ArcheryAnnie · 10/02/2021 13:43

Not thinking about the sex stereotypes and sex role stereotypes associated with one's sex is a luxury only the oppressor class can afford. Those of us who are forced into this straitjacket against our will and to our detriment cannot stop thinking about it

Now I expect you to ignore what I say about this. Again. And continue to promote your ideology to curtail my rights for the benefit of your sex. That, too, is a privilege afforded only to the oppressor class

< wild applause >, CharlieParley.

VanillaAndOrange · 10/02/2021 13:45

i So you accept all the stereotypes that go along with the female gender? Docile, weak, subservient? Wearing lipstick and heels?

No, not all of them at all (although I do like wearing lipstick). But I think of myself as female so why shouldn't my gender identity be female? Are you saying my gender identity should be male if I'm not all of those things? What if I don't like stereotypically male things either? Am I non-binary now, even though I like my female-sounding name and being called "she"?

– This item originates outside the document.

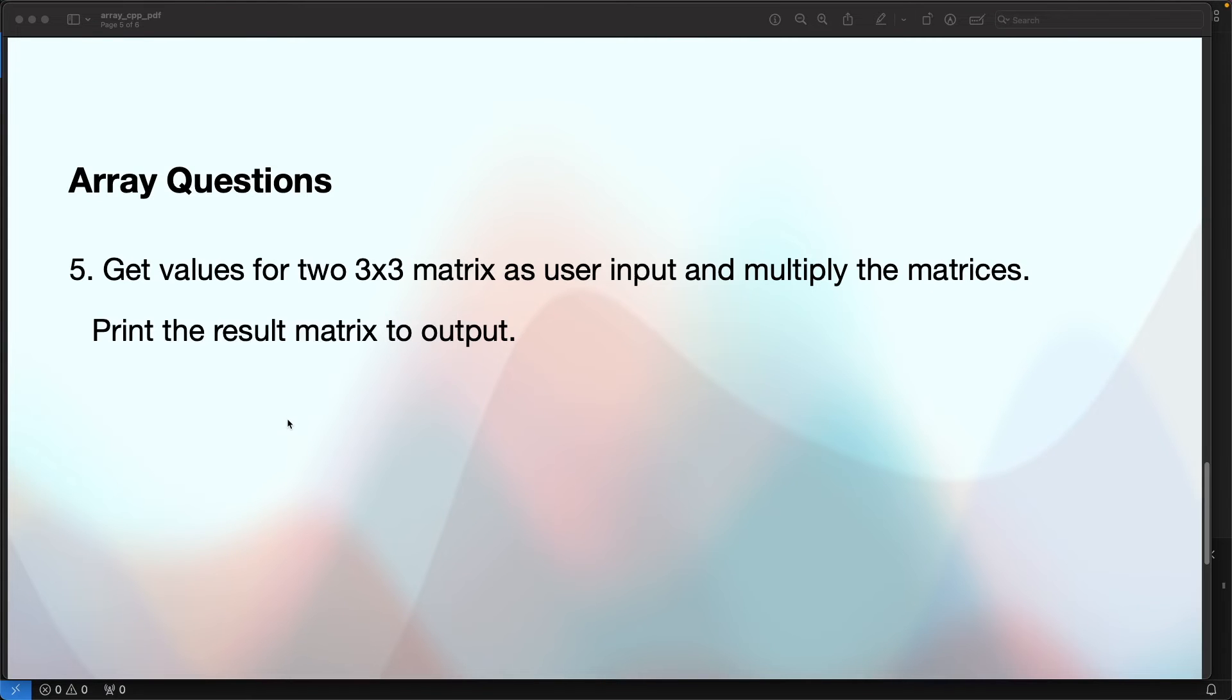The last question is a bit more complex. We will do a 3 by 3 matrix multiplication here.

If gender identity means having to conform to outdated stereotypes, then I bet a lot of people who don't identify as the gender corresponding to their original sex would fail to qualify as identifying as the other gender, too.

I'm not saying I should go running around telling everybody that my gender identity is female, even if they haven't asked. But if I had to name a gender identity for some reason, female would be the best fit for me.

Ereshkigalangcleg · 10/02/2021 13:46

A link would be nice.

Maybe ask Charlie who posted about it, rather than me? Or I'm sure you have access to google.